MyRepublic Ltd., the Singapore internet provider backed by billionaire Xavier Niel, is seeking a private-equity partner as it bids for local wireless carrier M1 Ltd., according to people with knowledge of the matter.

MyRepublic, which last year unsuccessfully bid for Singapore’s fourth mobile operator license, has been approaching buyout firms about helping finance its planned offer for M1, the people said, asking not to be identified because the process is private. M1 shares have risen 15 percent this year, giving the company a market value of about S$2.1 billion ($1.5 billion).

Warburg Pincus had earlier expressed interest in M1, though the private equity firm is no longer pursuing a deal, the people said. Chinese coal miner Shanxi Meijin Energy Co. and China Broadband Capital also submitted first-round offers for Singapore’s third-largest carrier, people with knowledge of the matter said last month.

“I do think that MyRepublic has some advantages because this is an operator who has a fixed broadband business running in Singapore,” Sachin Mittal, a Singapore-based analyst at DBS Group Holdings Ltd., said by phone Wednesday. “They know the fixed broadband and the mobile landscape probably better than anyone else.”

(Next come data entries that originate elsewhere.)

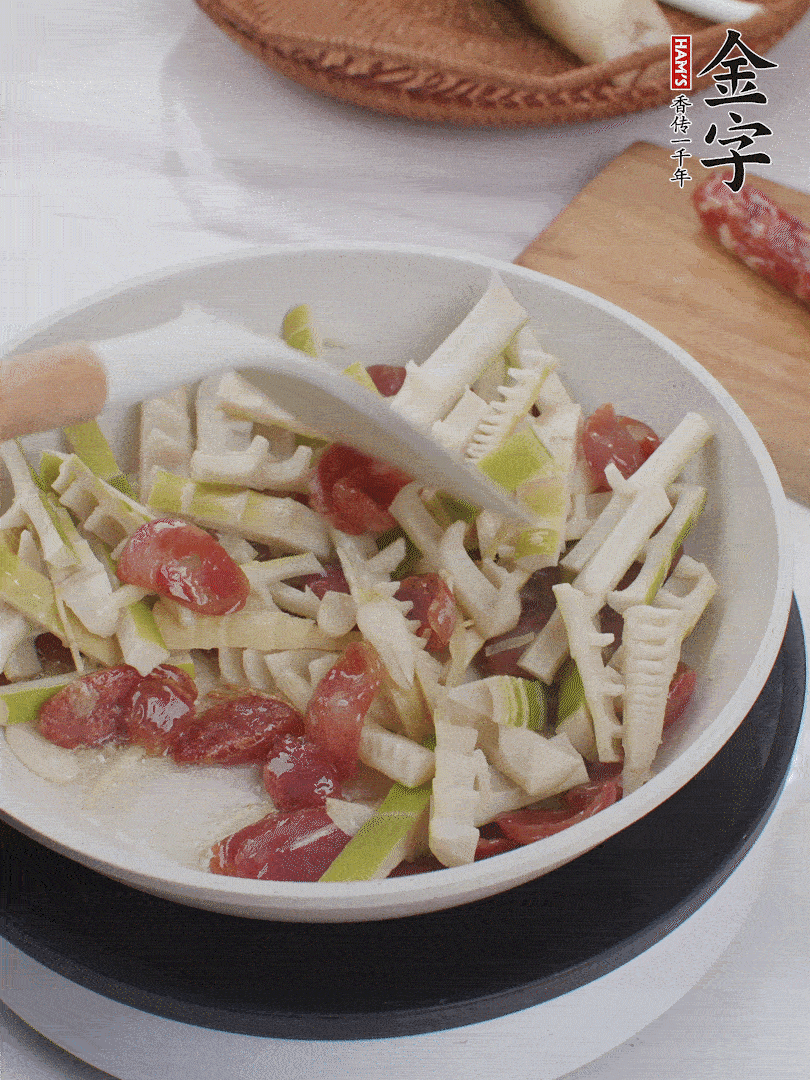 下春筍翻炒均勻，一小撮鹽調味。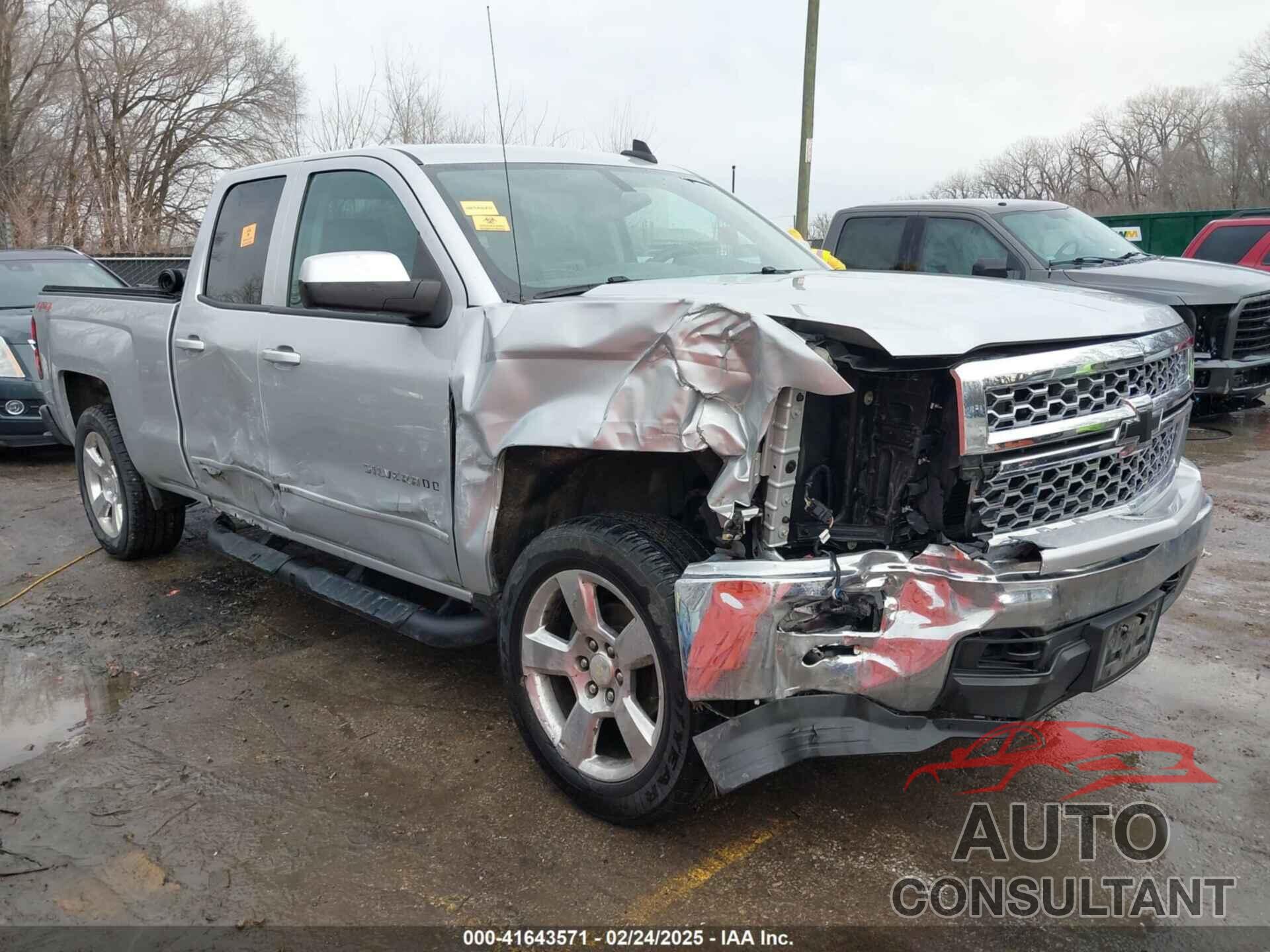 CHEVROLET SILVERADO 1500 2015 - 1GCVKREC7FZ413996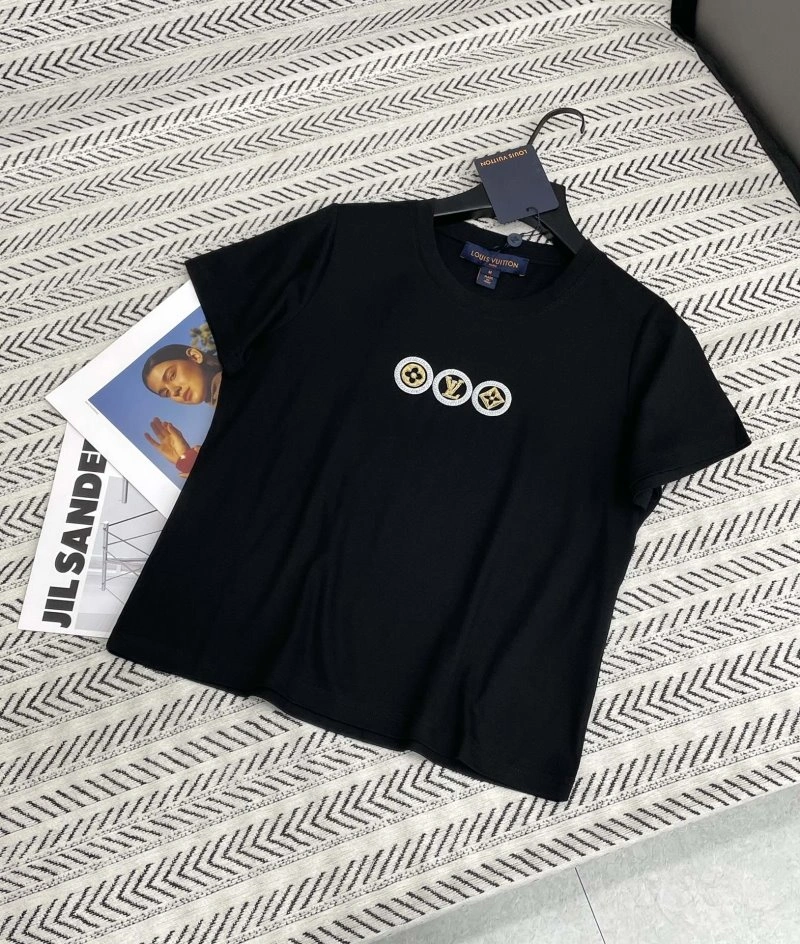 Breathable Louis Vuitton T-Shirts 131312
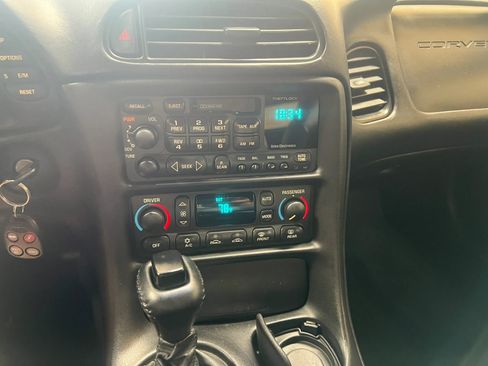 Used 1999 Chevrolet Corvette Coupe w/ Memory Pkg RWD image 23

There’s no certainty the deliberations will result in a transaction, and M1’s major shareholders may decide not to sell their stakes if the offers aren’t satisfactory, according to the people.

MyRepublic, led by former StarHub Ltd. executive Malcolm Rodrigues, sought last year to become Singapore’s fourth wireless carrier with a pledge to offer unlimited data plans. It had hired banks at the time to help raise S$250 million for its bid. TPG Telecom Ltd. won the spectrum auction in December with a S$105 million offer, entering a market that has one of the world’s deepest penetration rates.

“Part of the driver for them to do this is that they didn’t manage to get the fourth telco license,” said Clement Teo, a Singapore-based analyst at research firm Ovum Plc. “This is another way for them to get back into the game without waiting for the Singapore government to release another license.”

M1’s largest owners Axiata Group Bhd., Keppel Telecommunications & Transportation Ltd. and Singapore Press Holdings Ltd. said in March they appointed Morgan Stanley for a strategic review of their stakes in the company. The three companies together own more than 60 percent of M1, according to data compiled by Bloomberg. 

“As M1 is a publicly listed company, MyRepublic is unable to provide a comment at this point,” a spokesman for MyRepublic said by email. Representatives for Singapore Press and Warburg Pincus declined to comment, while representatives for Axiata, Keppel T&T and M1 declined to comment beyond earlier exchange filings.

MyRepublic, which was started in 2011, provides internet services to more than 50,000 homes and businesses in Singapore, according to its website.